Selecting a Class of Shares 



Class A Shares. Each Fund offers Class A shares at net asset value without the 
imposition of an initial sales charge by mail or by wire as described above. 



Class B Shares. Class B shares are offered only by Pioneer Cash Reserves Fund. 
You may buy Class B shares at net asset value without the imposition of an 
initial sales charge; however, Class B shares redeemed within six years of 
purchase will be subject to a CDSC at the rates shown in the table below. The 
charge will be assessed on the amount equal to the lesser of the current market 
value or the original purchase cost of the shares being redeemed. No CDSC will 
be imposed on increases in account value above the initial purchase price, 
including shares derived from the reinvestment of dividends or capital gains 
distributions. The amount of the CDSC, if any, will vary depending on the 
number of years from the time of purchase until the time of redemption of Class 
B shares. For the purpose of determining the number of years from the time of 
any purchase, all payments during a quarter will be aggregated and deemed to 
have been made on the first day of that quarter. In processing redemptions of 
Class B shares, the Fund will first redeem shares not subject to any CDSC, and 
then shares held longest during the six-year period. As a result, you will pay 
the lowest possible CDSC. 
<TABLE>
<CAPTION>
                                  CDSC as a Percentage of Dollar 
Year Since Purchase                   Amount Subject to CDSC 
<S>                                             <C>
First.                                          4.0% 
Second                                          4.0% 
Third                                           3.0% 
Fourth                                          3.0% 
Fifth                                           2.0% 
Sixth                                           1.0% 
Seventh and thereafter                          none 
</TABLE> 



Class B shares will automatically convert into Class A shares at the end of the 
calendar quarter that is eight years after the purchase date, except as noted 
below. Class B shares acquired by exchange from Class B shares of another 
Pioneer fund will convert into Class A shares based on the date of the initial 
purchase and will be subject to the CDSC applicable to the shares of the fund 
originally purchased. Class B shares acquired through reinvestment of 
distributions will convert into Class A shares based on the date of the initial 
purchase to which such shares relate. For this purpose, Class B shares acquired 
through reinvestment of distributions will be attributed to particular 
purchases of Class B shares in accordance with such procedures as the Trustees 
may determine from time to time. The conversion of Class B shares to Class A 
shares is subject to the continuing availability of a ruling from the Internal 
Revenue Service, which the Fund has obtained, or an opinion of counsel that 
such conversions will not constitute taxable events for federal tax purposes. 
There can be no assurance that such ruling will continue to be in effect at the 
time any particular conversion would occur. The conversion of Class B shares to 
Class A shares will not occur if such ruling is no longer available and, 
therefore, Class B shares would continue to be subject to higher expenses than 
Class A shares for an indeterminate period. 

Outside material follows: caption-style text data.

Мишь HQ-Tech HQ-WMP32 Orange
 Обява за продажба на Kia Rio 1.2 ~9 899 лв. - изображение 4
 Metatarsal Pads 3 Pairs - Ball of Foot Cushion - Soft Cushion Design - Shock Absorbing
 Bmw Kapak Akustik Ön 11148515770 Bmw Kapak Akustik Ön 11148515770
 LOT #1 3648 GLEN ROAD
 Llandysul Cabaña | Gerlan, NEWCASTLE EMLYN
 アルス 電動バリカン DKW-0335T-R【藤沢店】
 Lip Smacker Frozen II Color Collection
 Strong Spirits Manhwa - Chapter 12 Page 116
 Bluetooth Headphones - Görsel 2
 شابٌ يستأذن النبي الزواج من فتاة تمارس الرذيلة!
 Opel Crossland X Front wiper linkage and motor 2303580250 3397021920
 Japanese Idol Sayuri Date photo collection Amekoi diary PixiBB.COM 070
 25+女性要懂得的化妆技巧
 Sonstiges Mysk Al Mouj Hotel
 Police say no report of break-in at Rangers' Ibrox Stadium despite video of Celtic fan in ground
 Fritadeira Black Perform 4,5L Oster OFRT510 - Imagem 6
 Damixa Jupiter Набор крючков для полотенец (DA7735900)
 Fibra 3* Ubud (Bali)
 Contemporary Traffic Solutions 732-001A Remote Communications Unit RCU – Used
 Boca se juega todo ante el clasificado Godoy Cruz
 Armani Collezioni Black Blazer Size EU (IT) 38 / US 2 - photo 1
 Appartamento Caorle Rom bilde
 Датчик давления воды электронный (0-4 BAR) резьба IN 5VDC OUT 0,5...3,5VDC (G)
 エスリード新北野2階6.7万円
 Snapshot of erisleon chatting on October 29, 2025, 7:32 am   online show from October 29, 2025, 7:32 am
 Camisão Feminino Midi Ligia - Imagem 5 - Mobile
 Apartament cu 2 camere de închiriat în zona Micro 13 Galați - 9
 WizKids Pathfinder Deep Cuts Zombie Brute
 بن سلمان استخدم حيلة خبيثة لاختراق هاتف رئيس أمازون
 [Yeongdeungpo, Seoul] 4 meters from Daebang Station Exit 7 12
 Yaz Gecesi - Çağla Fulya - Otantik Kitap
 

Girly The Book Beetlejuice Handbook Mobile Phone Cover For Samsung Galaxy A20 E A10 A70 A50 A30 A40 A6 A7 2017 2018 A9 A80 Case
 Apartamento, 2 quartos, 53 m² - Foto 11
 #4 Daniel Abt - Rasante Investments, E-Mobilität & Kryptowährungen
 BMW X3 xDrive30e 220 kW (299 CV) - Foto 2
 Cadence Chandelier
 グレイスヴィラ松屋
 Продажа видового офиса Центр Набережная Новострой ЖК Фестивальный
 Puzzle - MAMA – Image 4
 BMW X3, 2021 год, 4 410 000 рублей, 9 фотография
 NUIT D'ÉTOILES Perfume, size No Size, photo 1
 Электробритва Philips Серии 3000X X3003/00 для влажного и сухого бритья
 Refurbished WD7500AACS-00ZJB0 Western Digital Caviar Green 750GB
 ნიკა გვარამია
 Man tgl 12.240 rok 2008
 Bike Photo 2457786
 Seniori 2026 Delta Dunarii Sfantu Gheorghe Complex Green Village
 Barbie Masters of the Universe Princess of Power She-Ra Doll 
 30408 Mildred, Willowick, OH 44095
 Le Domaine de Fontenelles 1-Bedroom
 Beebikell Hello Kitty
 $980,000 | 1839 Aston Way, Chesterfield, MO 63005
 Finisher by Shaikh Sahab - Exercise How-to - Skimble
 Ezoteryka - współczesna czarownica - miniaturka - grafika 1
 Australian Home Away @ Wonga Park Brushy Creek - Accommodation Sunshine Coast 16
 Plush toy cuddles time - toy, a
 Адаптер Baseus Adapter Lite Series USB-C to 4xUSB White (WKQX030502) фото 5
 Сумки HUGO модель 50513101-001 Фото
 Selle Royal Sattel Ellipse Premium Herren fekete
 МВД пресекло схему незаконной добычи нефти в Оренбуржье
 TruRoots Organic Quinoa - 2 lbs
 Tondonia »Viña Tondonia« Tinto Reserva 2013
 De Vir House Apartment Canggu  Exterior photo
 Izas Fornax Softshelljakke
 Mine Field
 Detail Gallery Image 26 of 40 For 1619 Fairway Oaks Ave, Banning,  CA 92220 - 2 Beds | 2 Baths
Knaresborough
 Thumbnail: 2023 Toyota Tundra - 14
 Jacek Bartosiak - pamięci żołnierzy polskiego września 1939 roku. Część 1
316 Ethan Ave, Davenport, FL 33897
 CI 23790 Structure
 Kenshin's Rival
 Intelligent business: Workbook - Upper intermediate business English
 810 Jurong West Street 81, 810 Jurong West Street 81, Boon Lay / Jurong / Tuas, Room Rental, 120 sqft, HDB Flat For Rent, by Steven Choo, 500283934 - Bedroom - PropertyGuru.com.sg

Waiver or Reduction of Contingent Deferred Sales Charge. The CDSC on Class B 
shares and on any Class A shares subject to a CDSC may be waived or reduced for 
non-retirement account if: (a) the redemption results from the death of all 
registered owners of an account (in the case of UGMAs, UTMAs and trust 
accounts, waiver applies upon the death of all beneficial owners) or a total 
and permanent disability (as defined in Section 72 of the Code) of all 
registered owners occurring after the purchase of the shares being redeemed or 
(b) the redemption is made in connection with limited automatic redemptions as 
set forth in "Systematic Withdrawal Plans" (limited in any year to 10% of the 
value of the account in the Fund at the time the withdrawal plan is 
established). 



The CDSC on Class B shares and on any Class A shares subject to a CDSC may be 
waived or reduced for retirement plan accounts if: (a) the redemption results 
from the death or a total and permanent disability as defined in Section 72 of 
the Internal Revenue Code of 1986, as amended (the "Code"), occurring after the 
purchase of the shares being redeemed of a shareholder or participant in an 
employer-sponsored retirement plan; (b) the distribution is to a participant in 
an IRA, 403(b) or employer-sponsored retirement plan, is part of a series of 
substantially equal payments made over the life expectancy of the participant 
or the joint life expectancy of the participant and his or her beneficiary or 
as scheduled periodic payments to a participant (limited in any year to 10% of 
the value of the participant's account at the time the distribution amount is 
established; a required minimum distribution due to the participant's 
attainment of age 70-1/2 may exceed the 10% limit only if the distribution 
amount is based on plan assets held by Pioneer); (c) the distribution is from a 
401(a) or 401(k) retirement plan and is a return of excess employee deferrals 
or employee contributions or a qualifying hardship distribution as defined by 
the Code or results from a termination of employment (limited with respect to a 
termination to 10% per year of the value of the plan's assets in the Fund as of 
the later of the prior December 31 or the date the account was established 
unless the plan's assets are being rolled over to or reinvested in the same 
class of shares of a Pioneer mutual fund subject to the CDSC of the shares 
originally held); (d) the distribution is from an IRA, 403(b) or 
employer-sponsored retirement plan and is to be rolled over to or reinvested in 
the same class of shares in a Pioneer mutual 



                                        8 
<PAGE> 

fund and which will be subject to the applicable CDSC upon redemption; (e) the 
distribution is in the form of a loan to a participant in a plan which permits 
loans (each repayment of the loan will constitute a new sale which will be 
subject to the applicable CDSC upon redemption); or (f) the distribution is 
from a qualified defined contribution plan and represents a participant's 
directed transfer (provided that this privilege has been pre-authorized through 
a prior agreement with PFD regarding participant directed transfers). 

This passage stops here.